(Problem to solve): Repeat word for word the lines starting at the one with "Foto 3bb0bb79-e758-4591-a007-b27fc35223ed. Piso" and ending at the final line of the material, both ends included; omit pictures.

(Data):

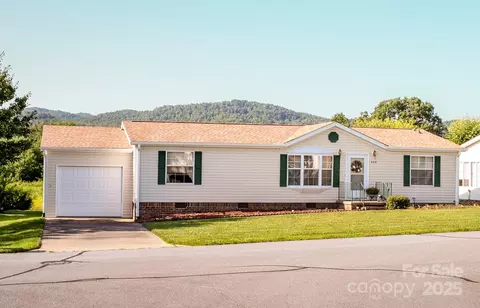 408 Riverwind Dr, Hendersonville, NC 28739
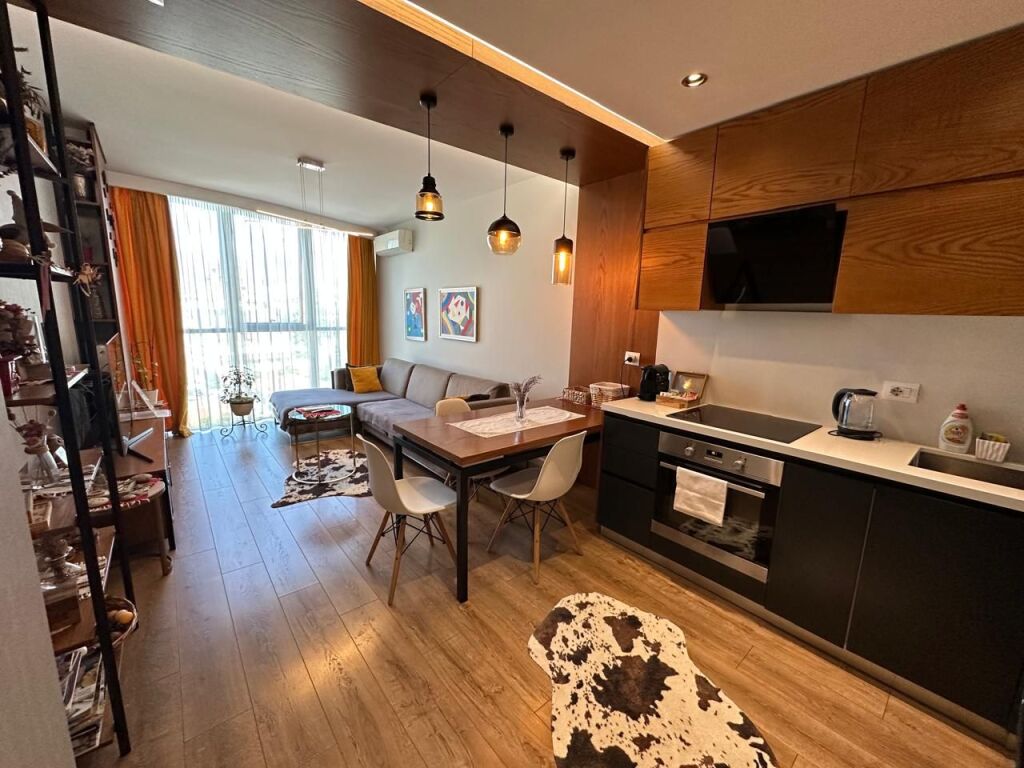 🏢Via Bogdaneve, appartamento arredato 2+1 in affitto. 1.000 Euro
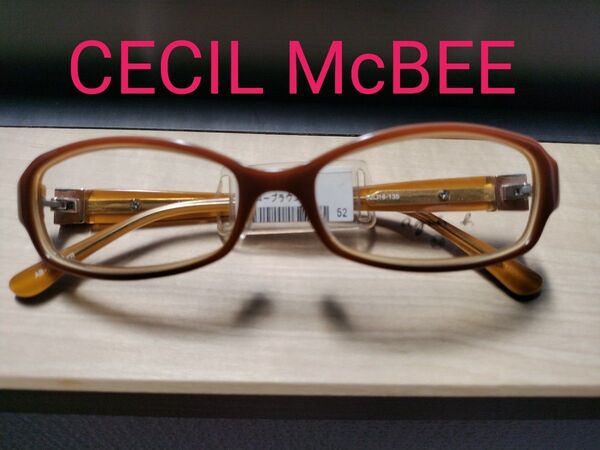 CECIL McBEEメガネフレーム52□16-135 againブラウンロゴ入り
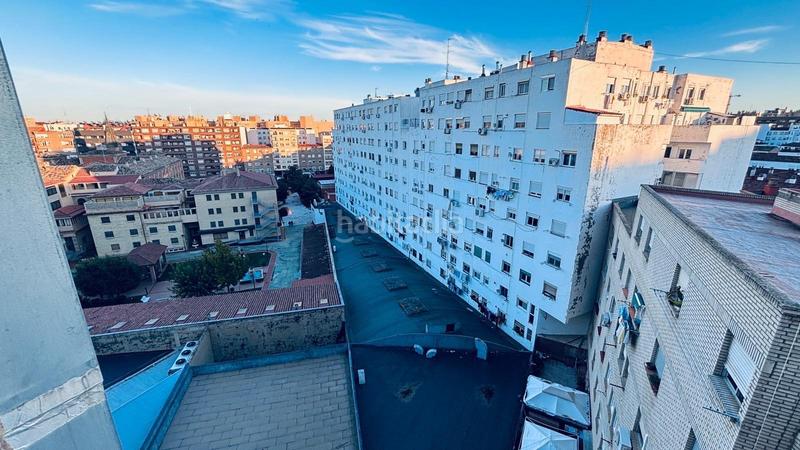 Foto 3bb0bb79-e758-4591-a007-b27fc35223ed. Piso centro, calle reina fabiola en La Granja Zaragoza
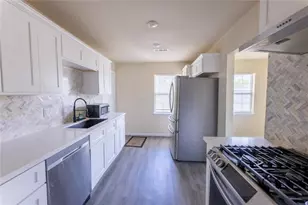 4942 Bataan Rd, Houston, TX 77033 - Photo 5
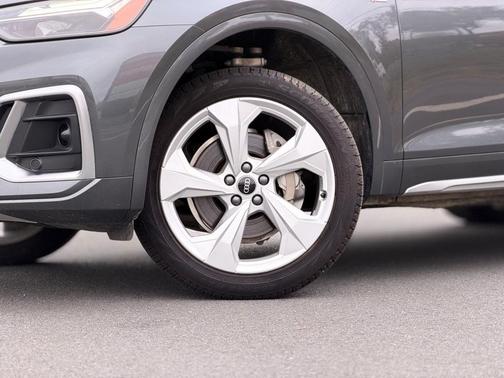 2025 Audi Q5 45 S line quattro Premium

(Response to the exercise):
 Foto 3bb0bb79-e758-4591-a007-b27fc35223ed. Piso centro, calle reina fabiola en La Granja Zaragoza
 4942 Bataan Rd, Houston, TX 77033 - Photo 5
 2025 Audi Q5 45 S line quattro Premium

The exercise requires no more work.